International tax law includes all legal provisions that include foreign-related tax matters. These include internal tax laws in Germany, such as the Income Tax Act and the Tax Law, as well as double taxation agreements that Germany has entered into with other countries. Double taxation agreements distribute tax duties among countries. However, they do not create new revenue requirements. Where there are competing assets, they allocate tax legislation to only one of the countries concerned in order to avoid double taxation. This page provides information on German double taxation conventions and other country-specific publications on double taxation conventions. You can view the original texts via our German website. The Ambassador of the Kingdom of Morocco, H.E. Zohour Alaoui, and Federal Minister Gerd Muller sign an agreement on 10.06.2020 in Berlin for the construction of the first “green” hydrogen industrial plant in Morocco.Copyright© Janine Schmitz/photothek.net The authorities of foreigners are also responsible for taking measures and making decisions on the right of residence for foreigners already living in Germany.

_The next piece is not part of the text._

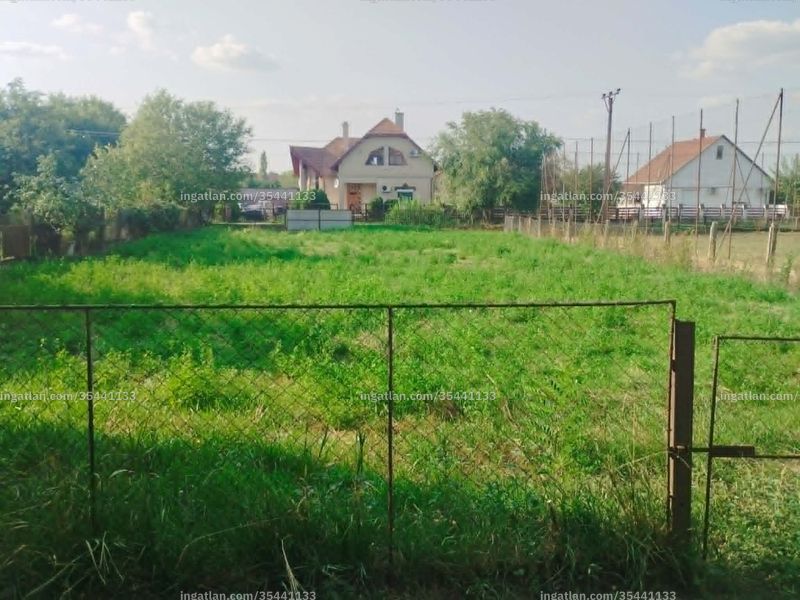 Listing photo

The foreign authorities are not subordinates in the Ministry of Foreign Affairs and the Ministry of Foreign Affairs cannot influence their decisions. Indeed, they are accountable to the ministries of the interior and the respective senators of the federal states and work under their supervision. In addition to double taxation agreements on income and capital taxes, there are also special double taxation agreements for inheritance and gift taxes as well as vehicle tax.

There are also agreements for legal assistance, administrative assistance and information exchange. The exchange of information between tax authorities is particularly important for the detection and fight against tax evasion and evasion and to ensure good taxation. The colour-coded world map shows the countries with which Germany entered into double taxation agreements on income and capital taxes on 1 January 2019, as well as legal assistance and mutual assistance agreements (including the exchange of information). It also shows the countries with which Germany is negotiating such agreements for the first time. There is also an agreement between the German Taipei Institute and the Taipei Representative Office in Berlin. Since the Federal Republic of Germany has never recognized Taiwan as a sovereign state, this agreement is not an international treaty. However, the structure and content of the agreement is based on the OECD model convention.